September 6, 2023 • Bobby L. Daniels Jr.
Category: Legal Updates
On August 25, 2023, the National Labor Relations Board (the “NLRB”) released its long awaited Cemex Construction Materials Pacific (“Cemex”) decision. See NLRB Case No. 28-CA-230115. The crux of the Cemex case revolved around how to hold election procedures when an employer has allegedly committed unfair labor practices during the “critical period” of an election campaign between the filing of the election petition and the election itself. The NLRB responded to that question by instituting a framework that hearkens back to the Joy Silk standard used over 50 years ago, which required employers to bargain with a union unless it had a good-faith doubt of the union’s majority support among employees.
The new framework requires that when a union requests recognition, an employer must either agree to bargain with the union or promptly file an RM petition challenging, (1) whether the union has majority support; or (2) whether there is an appropriate bargaining unit.

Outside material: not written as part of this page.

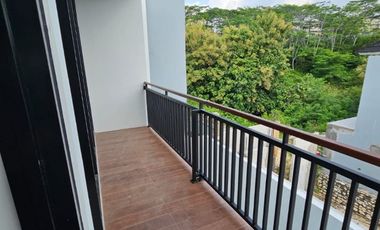 Luxury villa modern minimalis lingkungan cluster di Nusa dua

Further, under this new framework, if an employer who seeks a secret-ballot election commits any unfair labor practices – no matter how insubstantial or unintentional – the RM election petition would be dismissed. And important here, instead of the NLRB re-running the election, the employer will be ordered to recognize and bargain with the union. Before this decision, absent findings of serious unfair labor practices, milder unfair labor practices during the critical period would result in a re-run. However, the Cemex decision now says otherwise.
The effect of the Cemex decision is (1) the institution of a modified Joy Silk doctrine that will prompt employers to elect card check, (2) a lower threshold for the issuance of a bargaining order without holding an election, and (3) a highly unpredictable and volatile mechanism for determining how employers can challenge unionization and when they might be subject to mandatory bargaining orders without an election. The NLRB’s decision has been met with stiff criticism from employees who feel forced to accept unions and employers who feel the need to be hypervigilant regarding union recognition and conduct around elections because they may now be deprived of opportunities to directly campaign against union representation.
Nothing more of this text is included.